Some vaccine doses that weren’t shipped last week due to a winter storm that affected much of the country are set to arrive this week in Idaho, in addition to the state’s regular weekly allocations.
State Public Health Administrator Elke Shaw-Tulloch said one additional pharmacy chain with 30 locations is receiving vaccines through a federal partnership, raising the total number of weekly shots Idaho is allocated to around 40,000.
By late next week, the state’s steadily growing weekly vaccine allotments might get another big boost if federal regulators grant emergency approval to a new one-shot vaccine by Johnson & Johnson. CBS News reported Tuesday that the Centers for Disease Control and Prevention’s Advisory Committee on Immunization Practices will meet this weekend to discuss Johnson & Johnson’s version of a COVID-19 vaccine.
“As a single-dose vaccine that can be stored at standard refrigerator temperatures for three months, Johnson & Johnson’s candidate had been heralded as a key advance in the U.S. vaccine effort despite its slightly lower efficacy, compared to two-dose vaccines produced by Pfizer and Moderna,” CBS News wrote.
About 94% of all 265,000 COVID-19 vaccine doses Idaho has received have been administered, Jeppesen said. Around 112,000 Idahoans have received at least their first dose. The two COVID-19 vaccines currently approved in the U.S., produced by Pfizer and Moderna, require a booster dose a few weeks later to be most protective.
The state also is readying a vaccine signup tool that it hopes to have ready in early March, Jeppsen said.

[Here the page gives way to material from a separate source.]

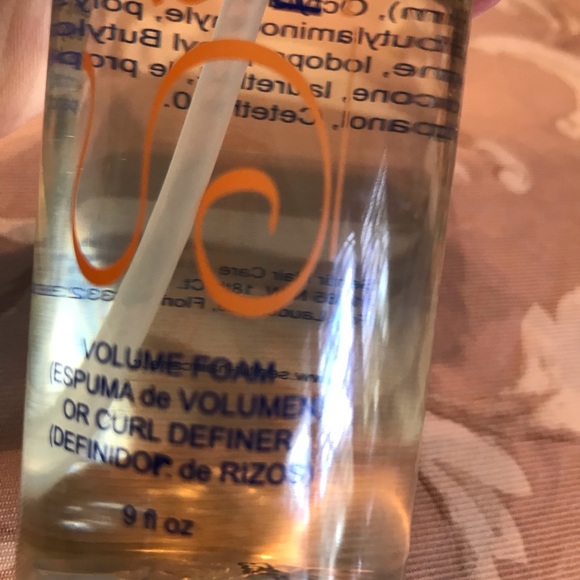 SENTIR VOLUME FOAM AND CURL DEFINER - Picture 2 of 8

Priority groups after the current group of essential workers are not finalized in Idaho. A state vaccine panel began discussions Friday about what future vaccine access could look like, floating proposals that could put Idahoans age 16 and up with “high-risk medical conditions” first in line, followed by more essential workers. Some panel members expressed interest in abandoning more focused prioritization in favor of an age-based approach that would split Idahoans under 64 into groups of 200,000 each. No final decisions were made. The panel, which advises Little, meets again March 5.